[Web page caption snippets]
---

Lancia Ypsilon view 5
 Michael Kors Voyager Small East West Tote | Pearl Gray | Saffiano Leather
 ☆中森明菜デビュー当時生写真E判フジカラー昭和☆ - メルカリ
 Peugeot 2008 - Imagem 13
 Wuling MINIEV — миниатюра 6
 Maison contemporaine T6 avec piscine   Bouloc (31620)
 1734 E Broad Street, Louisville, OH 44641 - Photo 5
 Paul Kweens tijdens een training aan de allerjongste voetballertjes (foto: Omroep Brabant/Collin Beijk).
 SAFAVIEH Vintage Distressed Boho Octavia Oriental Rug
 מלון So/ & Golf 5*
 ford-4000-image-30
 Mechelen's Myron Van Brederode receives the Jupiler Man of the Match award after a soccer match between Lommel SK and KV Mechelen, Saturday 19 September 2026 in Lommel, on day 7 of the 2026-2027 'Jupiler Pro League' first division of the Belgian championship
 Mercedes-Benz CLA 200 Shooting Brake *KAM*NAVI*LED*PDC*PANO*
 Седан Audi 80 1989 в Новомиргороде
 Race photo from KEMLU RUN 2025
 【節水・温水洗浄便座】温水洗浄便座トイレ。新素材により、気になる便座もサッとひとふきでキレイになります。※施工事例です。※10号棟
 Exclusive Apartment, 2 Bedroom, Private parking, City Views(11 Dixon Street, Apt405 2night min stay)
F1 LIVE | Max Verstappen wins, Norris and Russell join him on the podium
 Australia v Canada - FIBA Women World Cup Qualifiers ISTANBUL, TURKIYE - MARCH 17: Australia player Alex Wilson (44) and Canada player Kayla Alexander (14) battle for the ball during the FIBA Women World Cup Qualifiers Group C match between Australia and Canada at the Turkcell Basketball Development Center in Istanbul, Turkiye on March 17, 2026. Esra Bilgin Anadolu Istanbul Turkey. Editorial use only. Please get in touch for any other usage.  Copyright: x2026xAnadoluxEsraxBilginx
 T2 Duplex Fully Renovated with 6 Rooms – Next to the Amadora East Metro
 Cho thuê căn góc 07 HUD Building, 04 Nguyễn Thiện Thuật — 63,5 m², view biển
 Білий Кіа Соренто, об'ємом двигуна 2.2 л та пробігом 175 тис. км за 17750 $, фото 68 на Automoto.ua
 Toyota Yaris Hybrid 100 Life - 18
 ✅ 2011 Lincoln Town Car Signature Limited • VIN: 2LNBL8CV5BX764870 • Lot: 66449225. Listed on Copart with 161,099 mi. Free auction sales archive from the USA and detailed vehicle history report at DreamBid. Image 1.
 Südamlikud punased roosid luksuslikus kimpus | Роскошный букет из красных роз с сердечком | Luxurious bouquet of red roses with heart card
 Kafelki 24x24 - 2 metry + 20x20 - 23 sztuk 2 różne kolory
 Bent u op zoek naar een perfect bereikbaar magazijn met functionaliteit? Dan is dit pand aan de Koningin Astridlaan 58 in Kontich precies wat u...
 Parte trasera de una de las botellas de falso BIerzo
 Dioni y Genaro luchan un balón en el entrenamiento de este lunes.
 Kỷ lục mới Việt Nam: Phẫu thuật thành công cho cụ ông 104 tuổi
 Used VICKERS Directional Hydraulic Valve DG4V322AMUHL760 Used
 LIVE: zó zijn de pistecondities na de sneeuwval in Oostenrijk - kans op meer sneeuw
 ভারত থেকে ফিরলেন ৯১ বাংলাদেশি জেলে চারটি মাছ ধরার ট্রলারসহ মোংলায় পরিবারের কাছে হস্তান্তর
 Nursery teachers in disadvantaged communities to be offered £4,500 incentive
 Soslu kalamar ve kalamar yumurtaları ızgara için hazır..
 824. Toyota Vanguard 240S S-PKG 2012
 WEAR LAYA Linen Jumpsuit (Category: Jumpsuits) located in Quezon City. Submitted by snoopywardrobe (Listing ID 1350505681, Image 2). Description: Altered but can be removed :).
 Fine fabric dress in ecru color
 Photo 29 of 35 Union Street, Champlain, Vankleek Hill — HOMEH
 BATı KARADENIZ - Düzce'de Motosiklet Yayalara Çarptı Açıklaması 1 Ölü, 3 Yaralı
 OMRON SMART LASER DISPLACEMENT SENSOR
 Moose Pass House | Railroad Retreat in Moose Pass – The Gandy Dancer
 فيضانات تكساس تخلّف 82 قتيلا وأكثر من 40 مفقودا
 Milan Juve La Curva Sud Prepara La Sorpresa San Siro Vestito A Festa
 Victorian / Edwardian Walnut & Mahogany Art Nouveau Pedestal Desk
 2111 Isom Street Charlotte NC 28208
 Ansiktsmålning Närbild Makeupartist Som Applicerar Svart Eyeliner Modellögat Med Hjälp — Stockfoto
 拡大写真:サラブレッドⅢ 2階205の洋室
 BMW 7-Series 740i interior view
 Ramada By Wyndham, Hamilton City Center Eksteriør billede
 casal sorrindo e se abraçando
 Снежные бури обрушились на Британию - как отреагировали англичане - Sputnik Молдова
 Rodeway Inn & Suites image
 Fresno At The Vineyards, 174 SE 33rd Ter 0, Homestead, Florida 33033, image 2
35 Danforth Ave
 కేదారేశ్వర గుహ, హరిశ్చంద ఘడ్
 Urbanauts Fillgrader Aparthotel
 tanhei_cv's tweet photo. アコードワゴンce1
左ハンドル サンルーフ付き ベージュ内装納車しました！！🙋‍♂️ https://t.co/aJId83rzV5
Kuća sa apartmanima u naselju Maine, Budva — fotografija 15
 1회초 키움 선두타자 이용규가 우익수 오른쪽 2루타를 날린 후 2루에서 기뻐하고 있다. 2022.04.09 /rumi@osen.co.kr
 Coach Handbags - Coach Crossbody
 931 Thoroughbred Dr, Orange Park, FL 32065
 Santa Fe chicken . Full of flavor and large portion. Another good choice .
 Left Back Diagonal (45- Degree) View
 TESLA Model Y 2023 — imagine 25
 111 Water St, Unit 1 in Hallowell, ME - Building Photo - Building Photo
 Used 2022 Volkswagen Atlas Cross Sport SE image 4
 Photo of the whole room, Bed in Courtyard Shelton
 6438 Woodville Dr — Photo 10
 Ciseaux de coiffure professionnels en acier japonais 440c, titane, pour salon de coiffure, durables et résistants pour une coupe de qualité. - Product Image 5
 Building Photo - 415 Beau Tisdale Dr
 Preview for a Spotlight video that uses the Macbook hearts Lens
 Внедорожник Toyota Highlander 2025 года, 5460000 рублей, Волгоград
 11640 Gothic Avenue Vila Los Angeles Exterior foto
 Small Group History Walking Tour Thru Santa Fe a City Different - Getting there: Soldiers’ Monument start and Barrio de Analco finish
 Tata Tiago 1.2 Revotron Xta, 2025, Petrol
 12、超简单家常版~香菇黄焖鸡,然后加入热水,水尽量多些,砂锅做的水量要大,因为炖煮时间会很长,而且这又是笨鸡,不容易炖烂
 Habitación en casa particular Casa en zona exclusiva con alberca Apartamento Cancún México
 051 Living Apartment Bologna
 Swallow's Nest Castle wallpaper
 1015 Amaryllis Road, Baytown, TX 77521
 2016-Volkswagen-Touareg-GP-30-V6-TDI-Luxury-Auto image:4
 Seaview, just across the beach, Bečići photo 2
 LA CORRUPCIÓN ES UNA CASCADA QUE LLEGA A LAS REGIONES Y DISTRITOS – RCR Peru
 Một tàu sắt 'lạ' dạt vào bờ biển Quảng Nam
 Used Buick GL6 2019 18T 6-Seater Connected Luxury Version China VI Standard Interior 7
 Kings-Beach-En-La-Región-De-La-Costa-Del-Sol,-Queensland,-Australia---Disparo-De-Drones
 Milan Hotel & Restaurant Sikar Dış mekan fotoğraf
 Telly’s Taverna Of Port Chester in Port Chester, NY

---

_WHAT IS REQUIRED_: Once you find the line with "左ハンドル サンルーフ付き ベージュ内装納車しました！！🙋‍♂️" in the entries above, output it and each line after it up to and including the line with "2016-Volkswagen-Touareg-GP-30-V6-TDI-Luxury-Auto image:4", and nothing else.

_SOLUTION_:
左ハンドル サンルーフ付き ベージュ内装納車しました！！🙋‍♂️ https://t.co/aJId83rzV5
Kuća sa apartmanima u naselju Maine, Budva — fotografija 15
 1회초 키움 선두타자 이용규가 우익수 오른쪽 2루타를 날린 후 2루에서 기뻐하고 있다. 2022.04.09 /rumi@osen.co.kr
 Coach Handbags - Coach Crossbody
 931 Thoroughbred Dr, Orange Park, FL 32065
 Santa Fe chicken . Full of flavor and large portion. Another good choice .
 Left Back Diagonal (45- Degree) View
 TESLA Model Y 2023 — imagine 25
 111 Water St, Unit 1 in Hallowell, ME - Building Photo - Building Photo
 Used 2022 Volkswagen Atlas Cross Sport SE image 4
 Photo of the whole room, Bed in Courtyard Shelton
 6438 Woodville Dr — Photo 10
 Ciseaux de coiffure professionnels en acier japonais 440c, titane, pour salon de coiffure, durables et résistants pour une coupe de qualité. - Product Image 5
 Building Photo - 415 Beau Tisdale Dr
 Preview for a Spotlight video that uses the Macbook hearts Lens
 Внедорожник Toyota Highlander 2025 года, 5460000 рублей, Волгоград
 11640 Gothic Avenue Vila Los Angeles Exterior foto
 Small Group History Walking Tour Thru Santa Fe a City Different - Getting there: Soldiers’ Monument start and Barrio de Analco finish
 Tata Tiago 1.2 Revotron Xta, 2025, Petrol
 12、超简单家常版~香菇黄焖鸡,然后加入热水,水尽量多些,砂锅做的水量要大,因为炖煮时间会很长,而且这又是笨鸡,不容易炖烂
 Habitación en casa particular Casa en zona exclusiva con alberca Apartamento Cancún México
 051 Living Apartment Bologna
 Swallow's Nest Castle wallpaper
 1015 Amaryllis Road, Baytown, TX 77521
 2016-Volkswagen-Touareg-GP-30-V6-TDI-Luxury-Auto image:4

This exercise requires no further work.